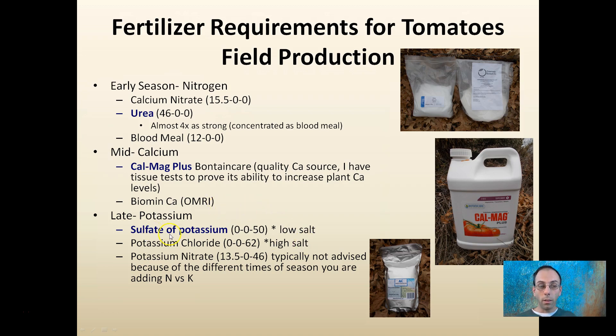Late in the season, sulfate of potassium (0-0-50), which is low salt, is typically preferred over potassium chloride (0-0-62), which has a higher percentage of potassium but also higher salts. Potassium nitrate is typically not advised because at that time of year you usually don't want to be adding nitrogen, though if your plants are deficient, it is worth considering as both a nitrogen and potassium source.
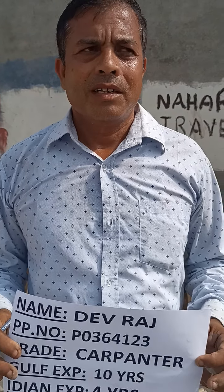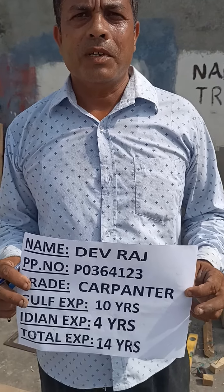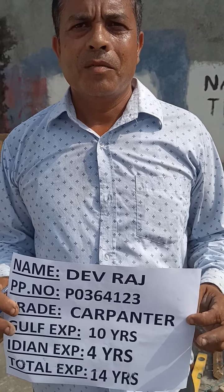I am Devaraj, shattering carpenter, gypsum carpenter, furniture carpenter. 10-year Gulf experience, 4-year India. 80 by 80 footing box.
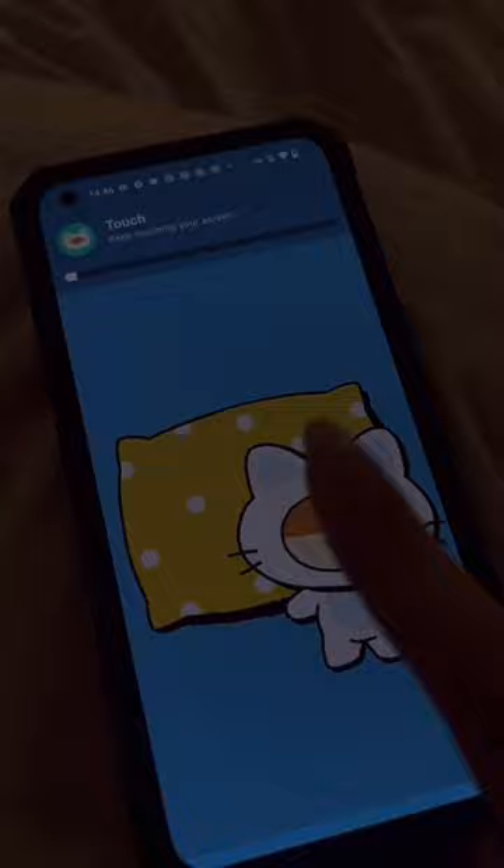Let's just hope that I'll be able to wake up after that. Follow for more.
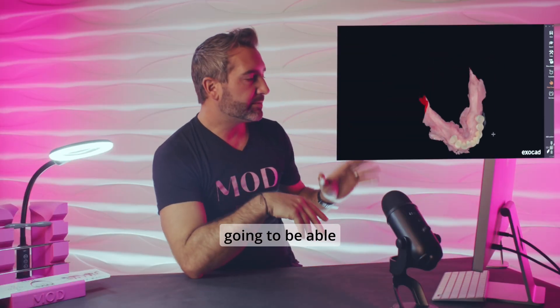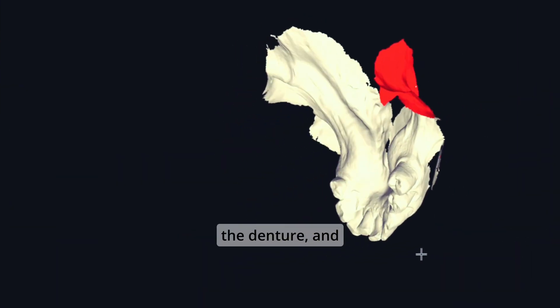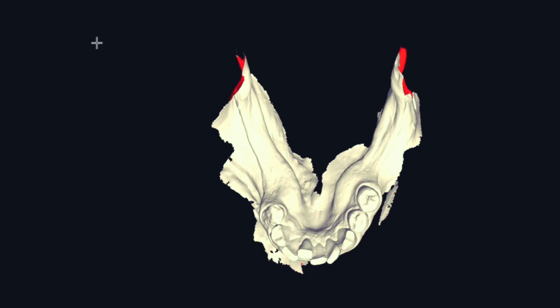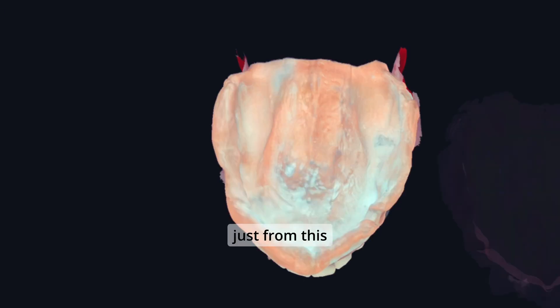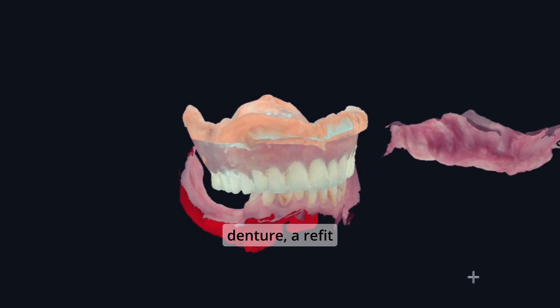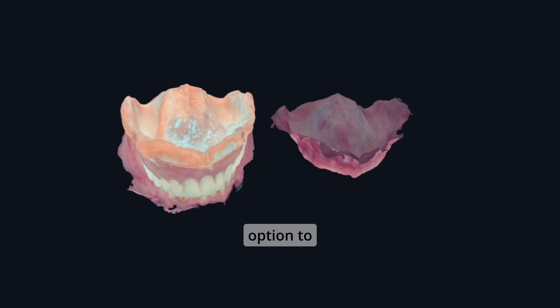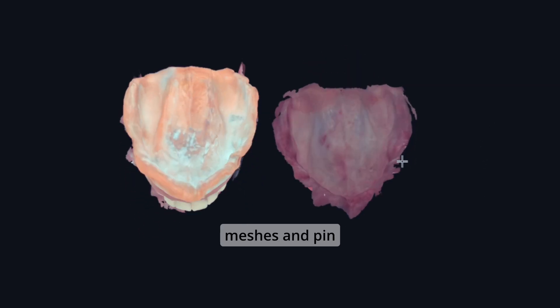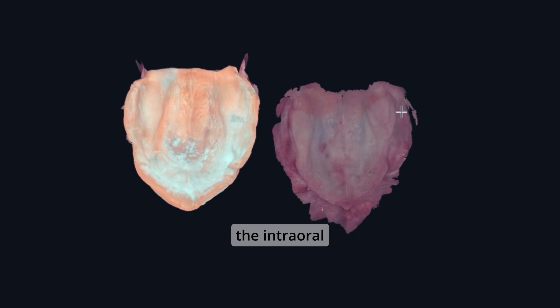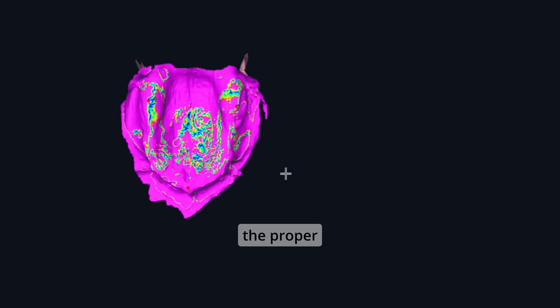Now in ExoCAD, we're going to bring in the lower arch and the denture, and those are going to be in occlusion. You could design a denture just from this information alone and do a brand new denture, a copy denture, or a refit copy denture. Or you have the option to go into expert mode, go to align meshes, and pin the intraoral maxillary scan of the soft tissues to the denture reline impression to get your vertical at the proper vertical.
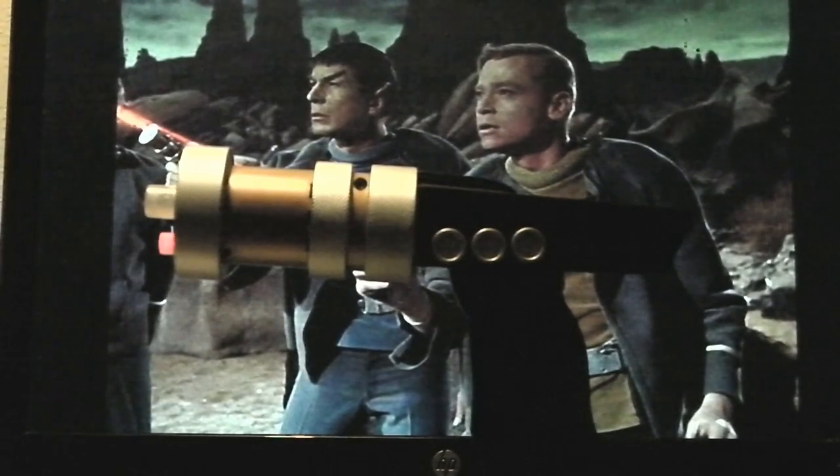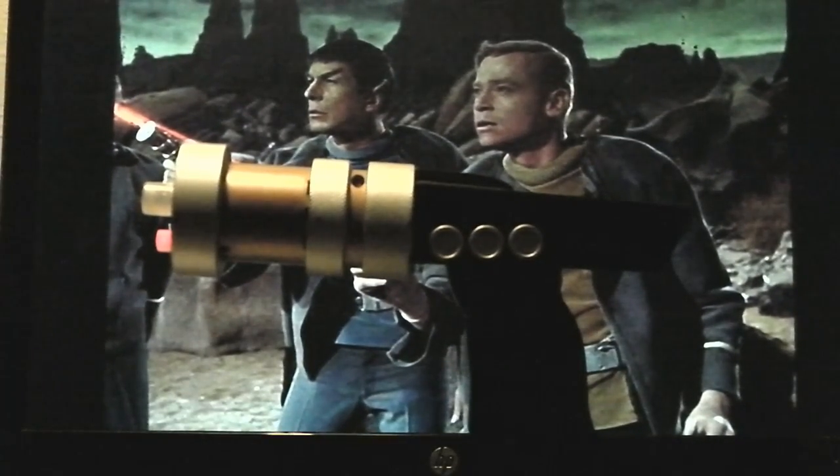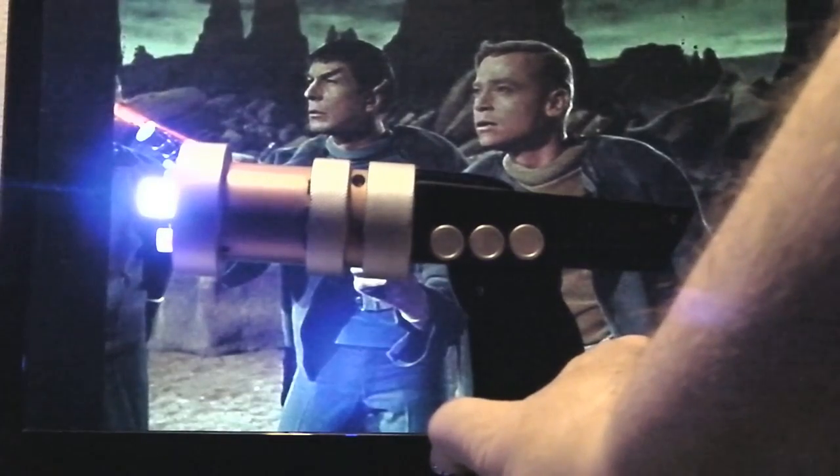What we have here is a Captain Pike laser phaser gun from the original Star Trek. Originally, the Captain Pike gun was an actual laser — it was not a phaser, it was a laser. This is an actual laser. It has a 2.5 to 3 watt, 9 millimeter, 445 nanometer blue laser diode mounted inside of it. The red light where the range finder is acts as the indicator that it is on, and there it is firing.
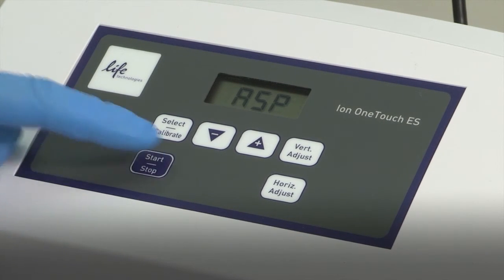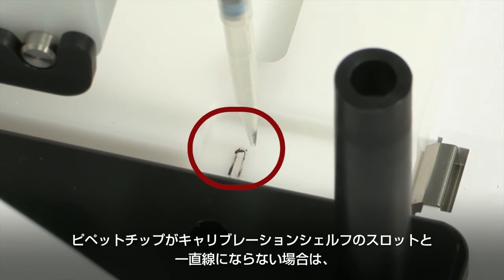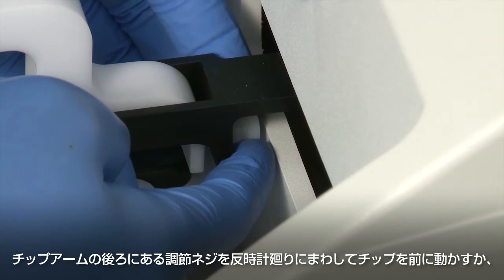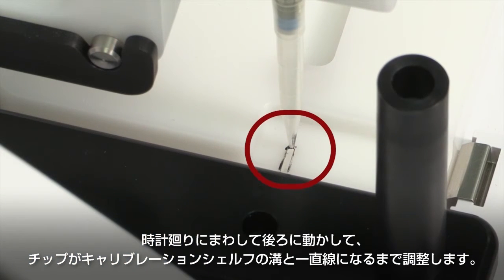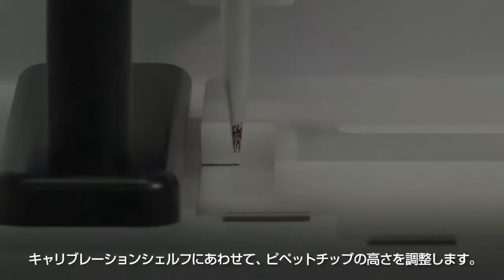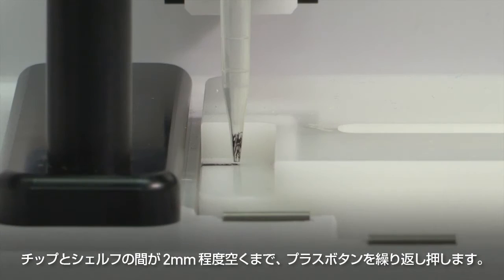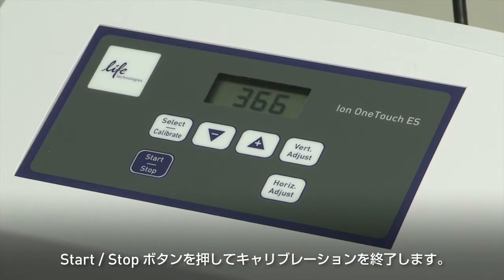Press Start-Stop. The tip arm lowers to bring the tip near the notch in the calibration shelf on the left side of the tray. If the pipette tip is not positioned in line with the slot in the calibration shelf, adjust the thumb screw at the back of the tip arm — counterclockwise to move the tip forward, or clockwise to move the tip back — until the tip is in line with the notch in the calibration shelf. Adjust the height of the pipette tip in relation to the calibration shelf. If the tip is already touching the shelf, raise the tip until it is no longer touching the shelf. Press the plus button repeatedly until the tip clears the shelf by two millimeters. Exit the calibration using the Start-Stop button.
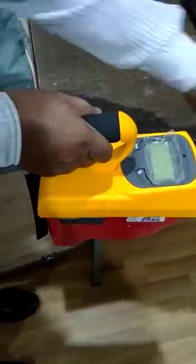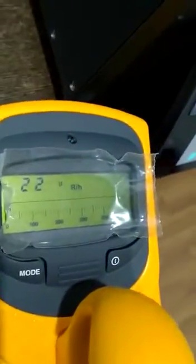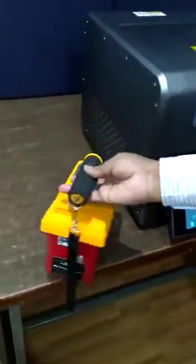Radiation leakage test by survey meter from front side. Back side. Left side. And right side with 5 centimeter distance.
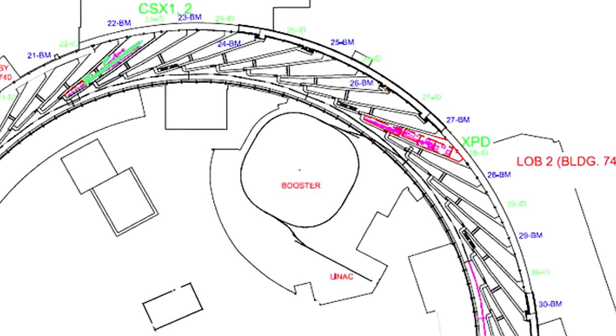We're going to start at the injection point. The tables you see are where the beam gets injected from the booster tunnel into the storage ring tunnel, and that's where installation is currently in process.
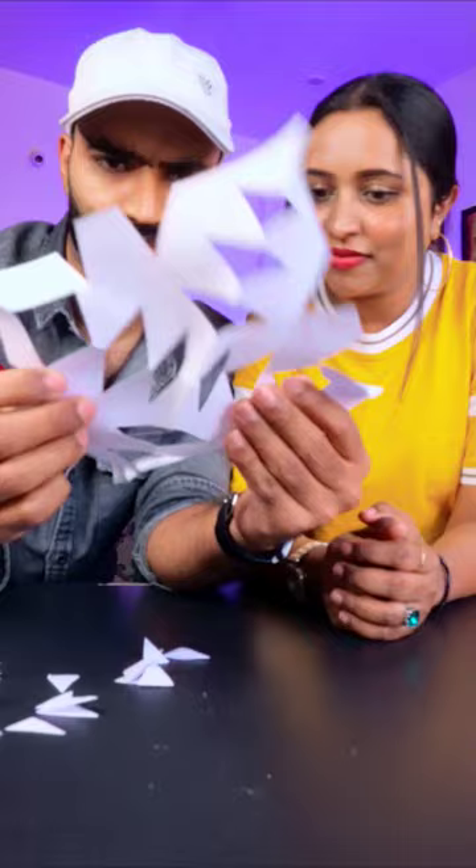So I am looking at this spider. And this paper spider cutting trick is totally fake.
+++
# Your instructions:
With the images left out, set down each record exactly as it appears.

# The answer:
Late in the season, sulfate of potassium (0-0-50), which is low salt, is typically preferred over potassium chloride (0-0-62), which has a higher percentage of potassium but also higher salts. Potassium nitrate is typically not advised because at that time of year you usually don't want to be adding nitrogen, though if your plants are deficient, it is worth considering as both a nitrogen and potassium source.
I am Devaraj, shattering carpenter, gypsum carpenter, furniture carpenter. 10-year Gulf experience, 4-year India. 80 by 80 footing box.
Let's just hope that I'll be able to wake up after that. Follow for more.
Now in ExoCAD, we're going to bring in the lower arch and the denture, and those are going to be in occlusion. You could design a denture just from this information alone and do a brand new denture, a copy denture, or a refit copy denture. Or you have the option to go into expert mode, go to align meshes, and pin the intraoral maxillary scan of the soft tissues to the denture reline impression to get your vertical at the proper vertical.
What we have here is a Captain Pike laser phaser gun from the original Star Trek. Originally, the Captain Pike gun was an actual laser — it was not a phaser, it was a laser. This is an actual laser. It has a 2.5 to 3 watt, 9 millimeter, 445 nanometer blue laser diode mounted inside of it. The red light where the range finder is acts as the indicator that it is on, and there it is firing.
Press Start-Stop. The tip arm lowers to bring the tip near the notch in the calibration shelf on the left side of the tray. If the pipette tip is not positioned in line with the slot in the calibration shelf, adjust the thumb screw at the back of the tip arm — counterclockwise to move the tip forward, or clockwise to move the tip back — until the tip is in line with the notch in the calibration shelf. Adjust the height of the pipette tip in relation to the calibration shelf. If the tip is already touching the shelf, raise the tip until it is no longer touching the shelf. Press the plus button repeatedly until the tip clears the shelf by two millimeters. Exit the calibration using the Start-Stop button.
Radiation leakage test by survey meter from front side. Back side. Left side. And right side with 5 centimeter distance.
We're going to start at the injection point. The tables you see are where the beam gets injected from the booster tunnel into the storage ring tunnel, and that's where installation is currently in process.
So I am looking at this spider. And this paper spider cutting trick is totally fake.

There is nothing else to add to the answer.